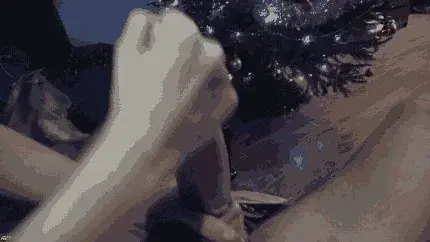 Smack and bounce 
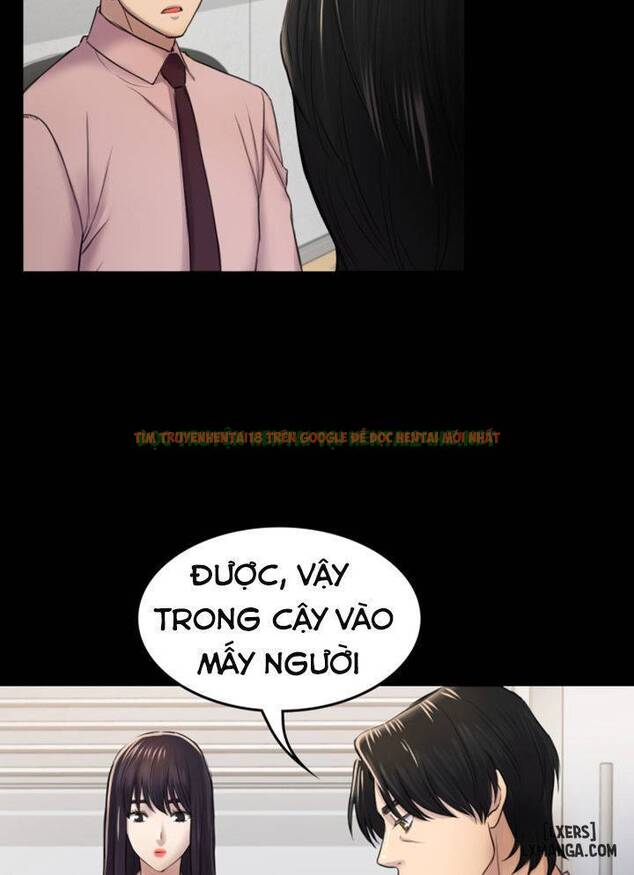 Xem ảnh 41 trong truyện hentai Anh Có Thể Giúp Em Không - Chapter 35 - www.hentaitvn.net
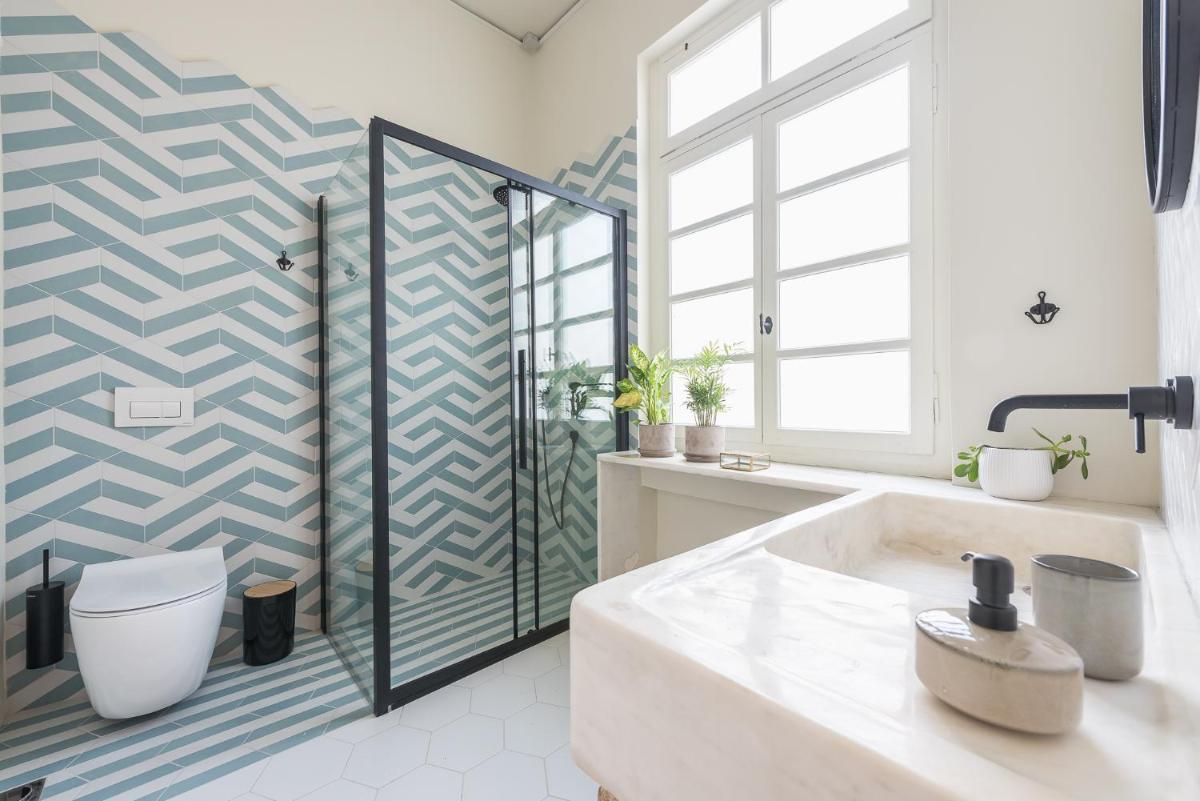 Moon And Stars Athens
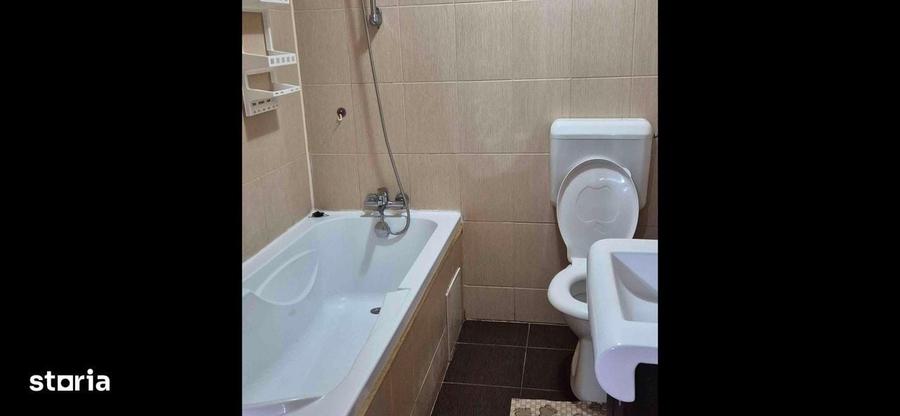 Garsonieră în Vitan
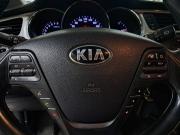 Kia Ceed II Рестайлинг Набережные Челны  - изображение 51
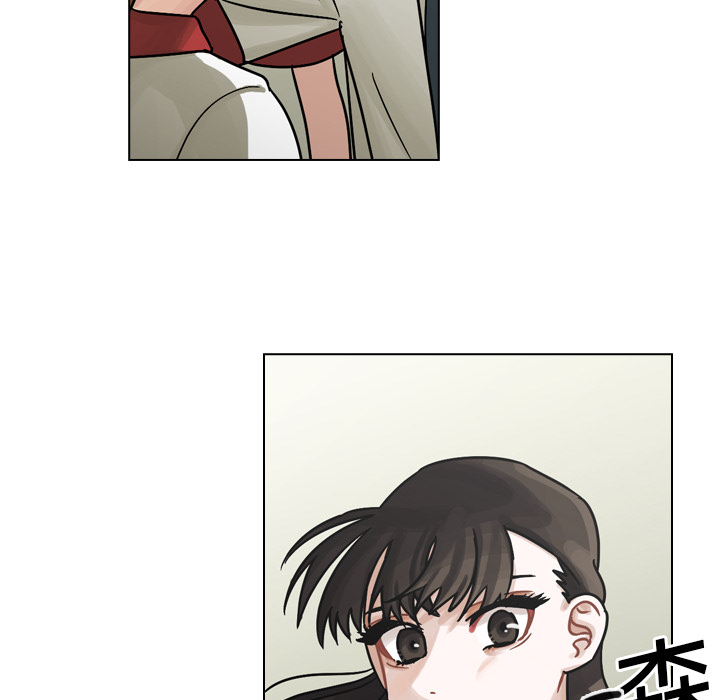 第16話 - 第31张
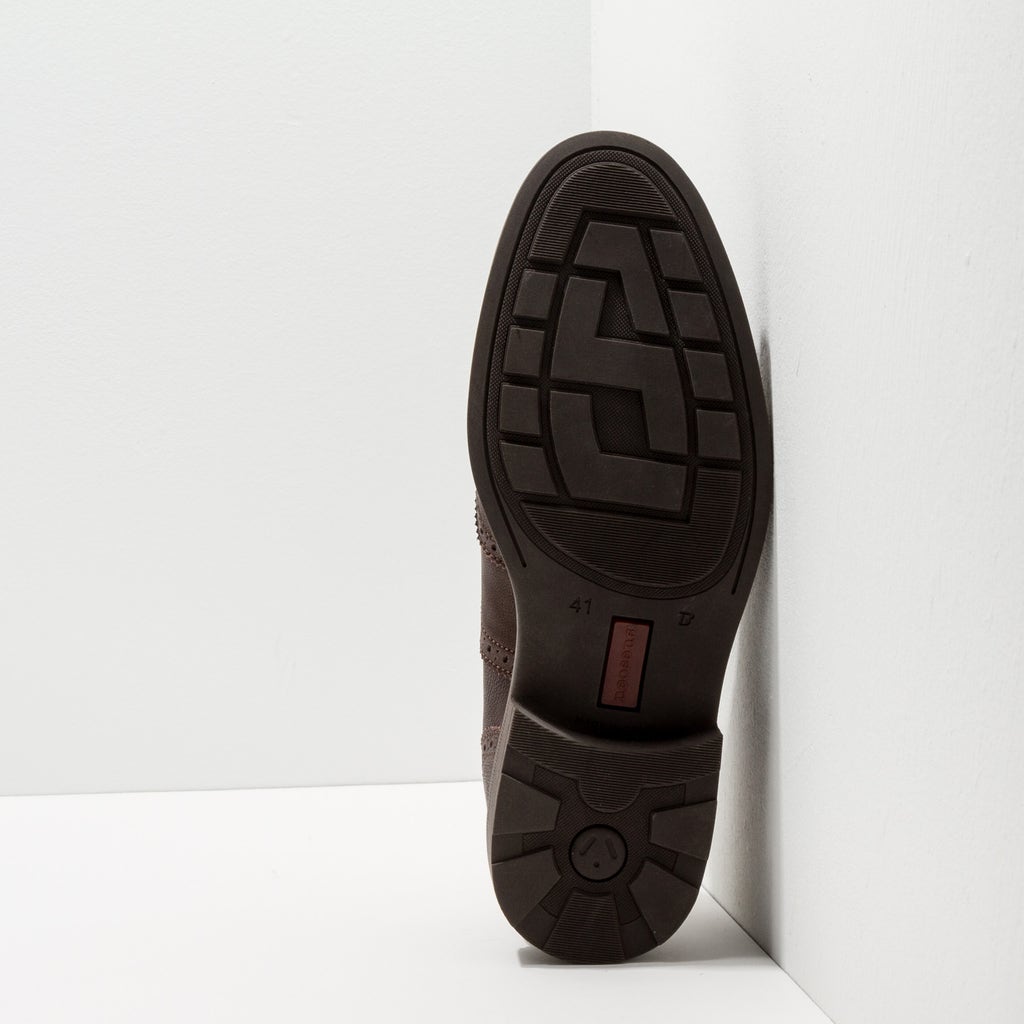 neosens S3171 MONTONE BROWN /TRESSOT Oferta especial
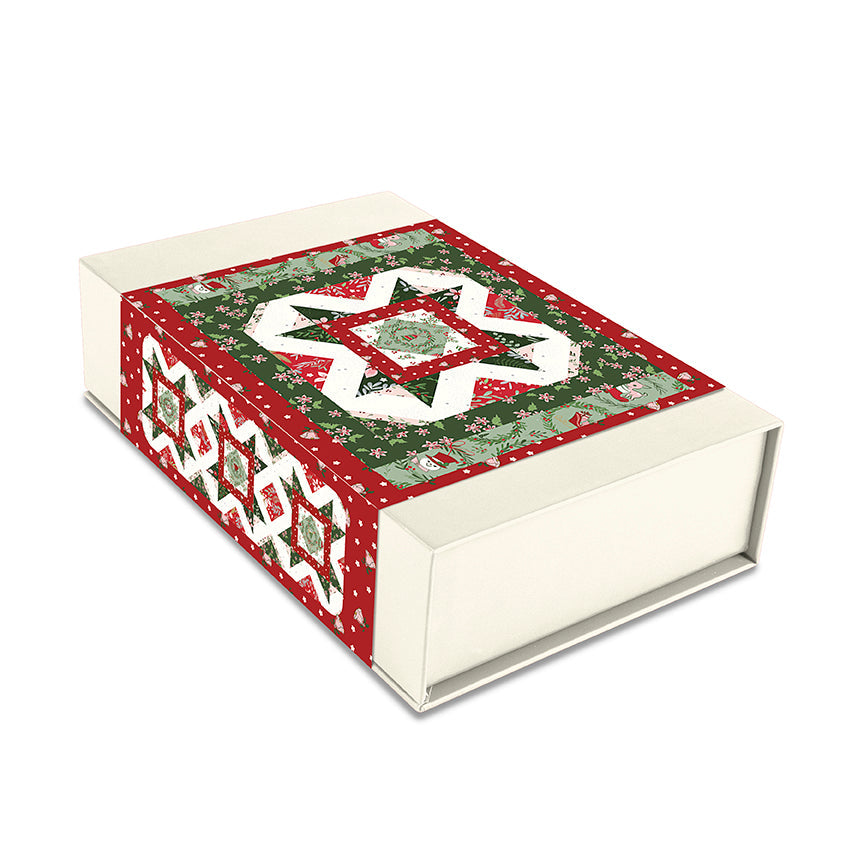 Quilt Kits
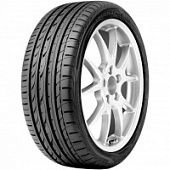 Шины Advan Sport V103S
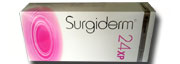 Allergan Surgiderm 24 XP - SONDERPREIS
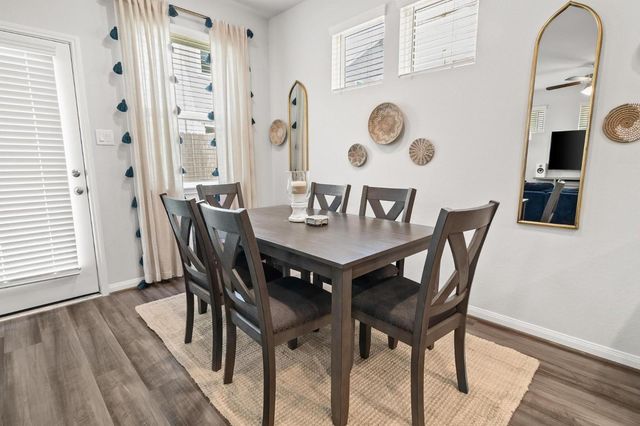 5511 Cuerta Street, Houston, TX 77023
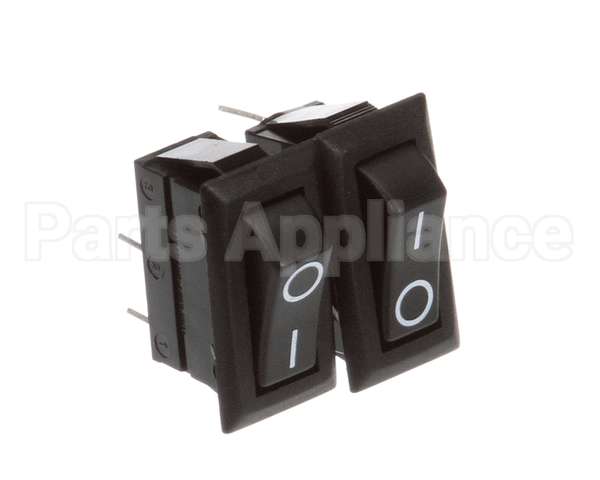 70984 Middleby Kit,Switch Replacement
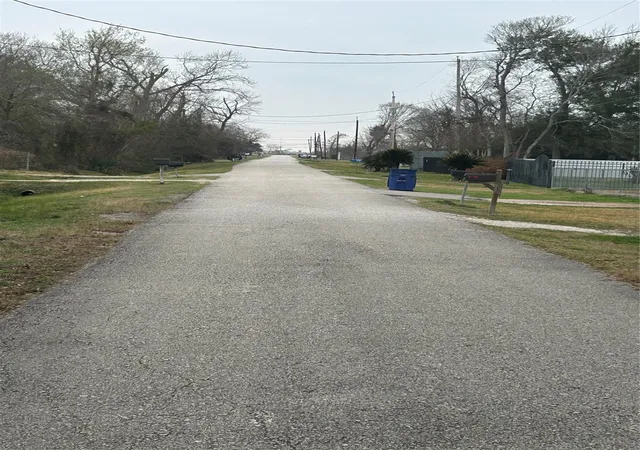 6th image of 0 Pin Oak Dr, Highlands, TX 77562 | MLS# 22350456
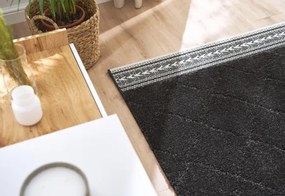 Koberec Balta Fara 65216 999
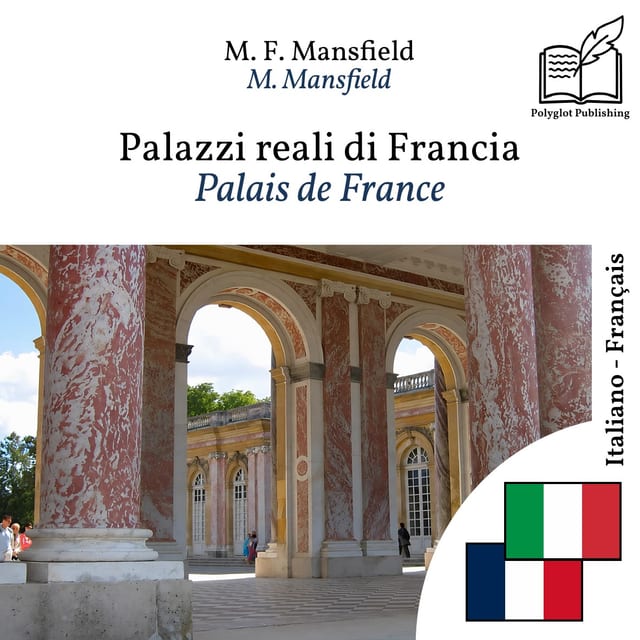 Palais de France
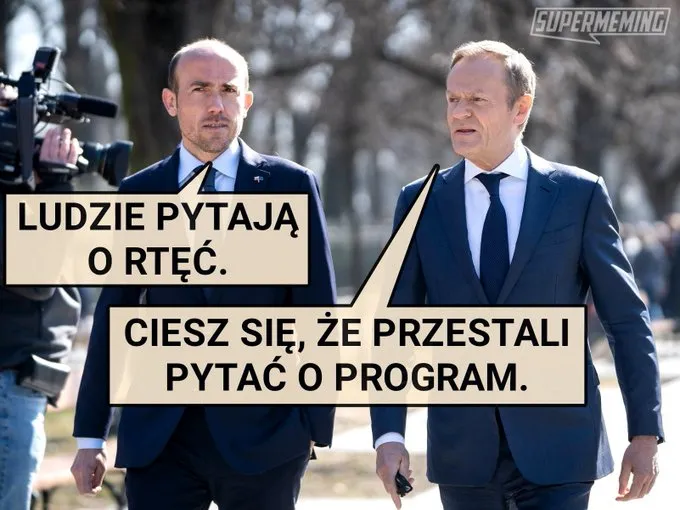 Rtęć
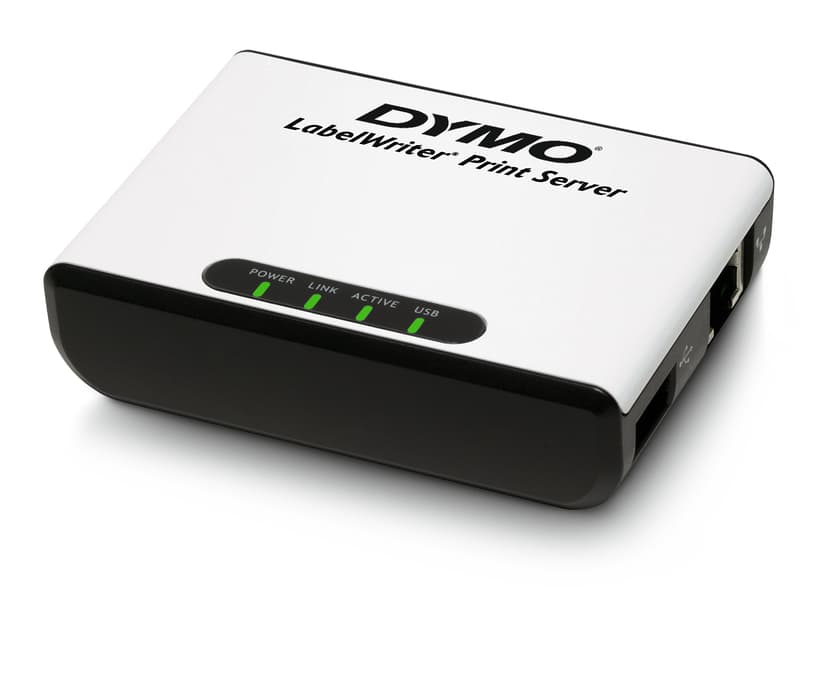 Product image slide 3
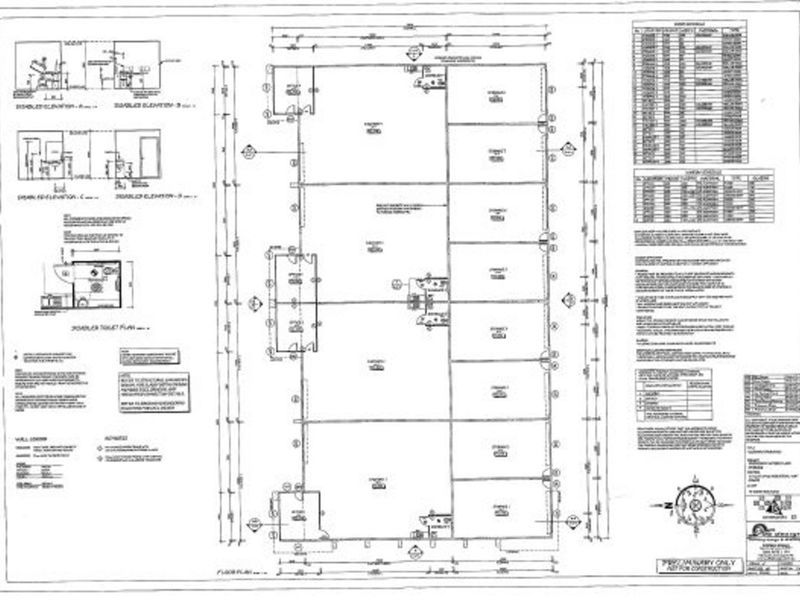 10/13 Industrial Way, Cowes OBrien Real Estate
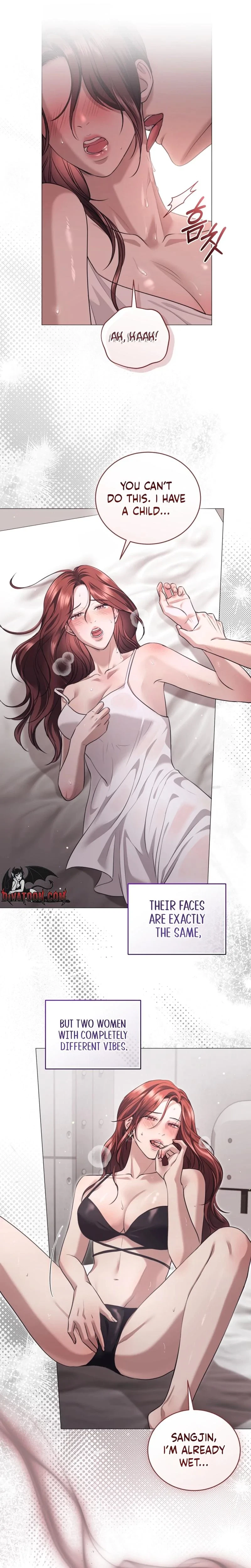 Chapter 5, page 21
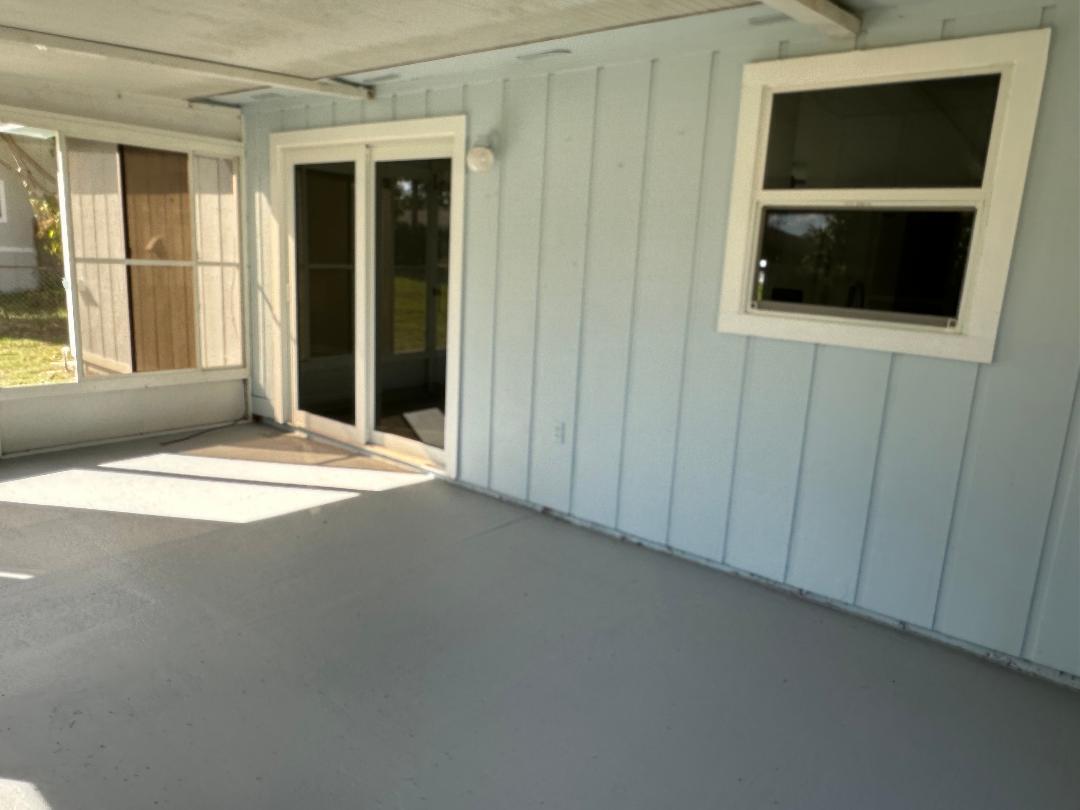 932 Southwest Bay State Road Port St. Lucie, FL 34953 - Photo 8 of 11 Bay State 7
-*-*-
§ **ABOUT THIS TASK**
Please copy the lines above exactly as written, apart from any pictures.

§ **YOUR SOLUTION**
 Smack and bounce 
 Xem ảnh 41 trong truyện hentai Anh Có Thể Giúp Em Không - Chapter 35 - www.hentaitvn.net
 Moon And Stars Athens
 Garsonieră în Vitan
 Kia Ceed II Рестайлинг Набережные Челны  - изображение 51
 第16話 - 第31张
 neosens S3171 MONTONE BROWN /TRESSOT Oferta especial
 Quilt Kits
 Шины Advan Sport V103S
 Allergan Surgiderm 24 XP - SONDERPREIS
 5511 Cuerta Street, Houston, TX 77023
 70984 Middleby Kit,Switch Replacement
 6th image of 0 Pin Oak Dr, Highlands, TX 77562 | MLS# 22350456
 Koberec Balta Fara 65216 999
 Palais de France
 Rtęć
 Product image slide 3
 10/13 Industrial Way, Cowes OBrien Real Estate
 Chapter 5, page 21
 932 Southwest Bay State Road Port St. Lucie, FL 34953 - Photo 8 of 11 Bay State 7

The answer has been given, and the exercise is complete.